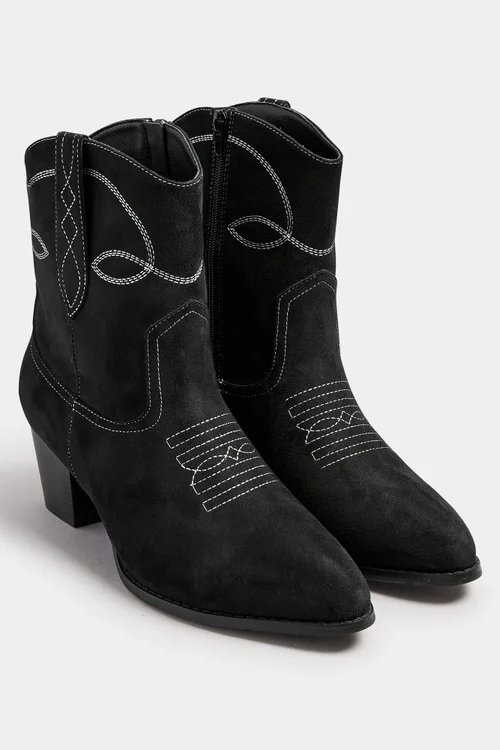 Yours Black Faux Suede Contrast Stitch Western Heel Ankle Boots In Extra Wide EEE Fit - 5 Extra Wide Image 3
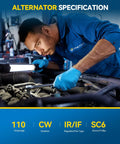 Mechanic installing Nissan Rogue 2008-2012 Beefed-Up High Amp Alternator Replacement, 12V 110Amp CW output with 6-Groove SC6 pulley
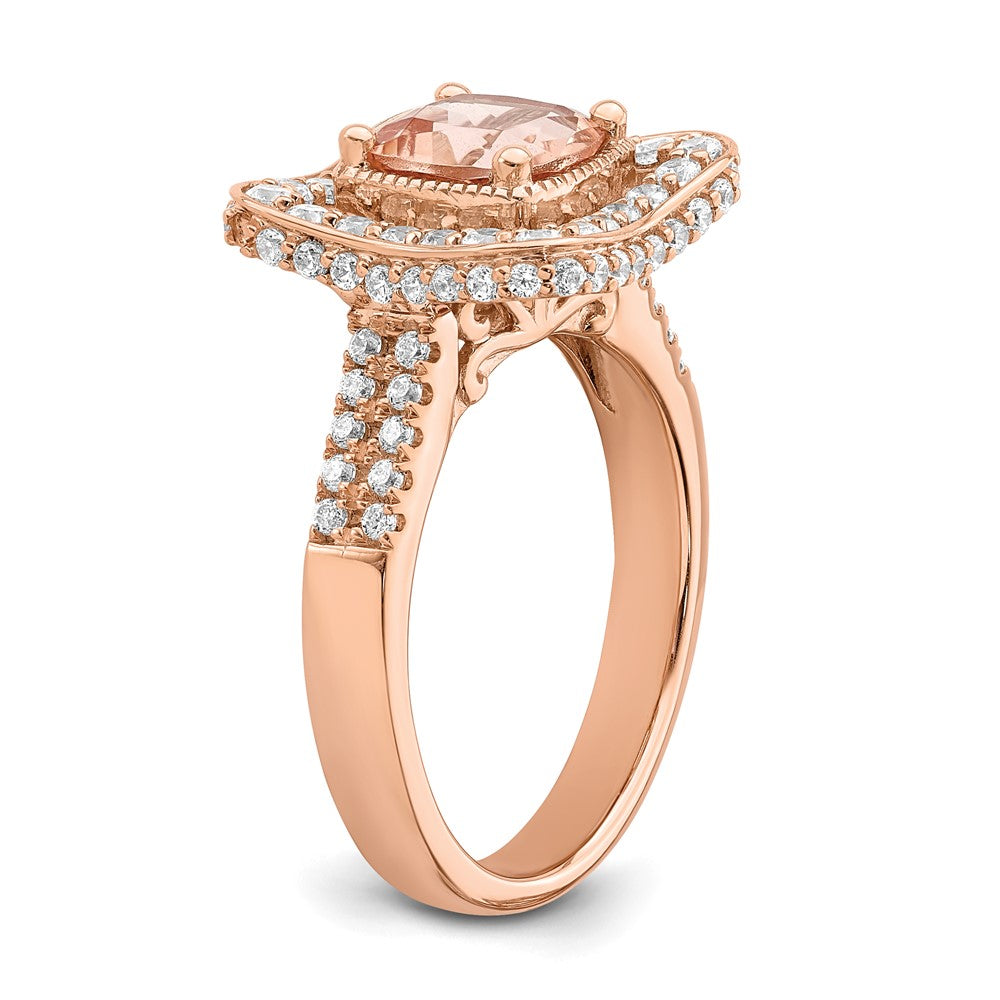 14K Roségold Morganit-Verlobungsring mit echten Diamanten und Halo-Fassung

#### [Problem requirements]
What the answer must hold is the exact text of every line from the one containing "Mechanic installing Nissan" through the end of the data, minus any pictures.

#### [Solution to the problem]
 Mechanic installing Nissan Rogue 2008-2012 Beefed-Up High Amp Alternator Replacement, 12V 110Amp CW output with 6-Groove SC6 pulley
 14K Roségold Morganit-Verlobungsring mit echten Diamanten und Halo-Fassung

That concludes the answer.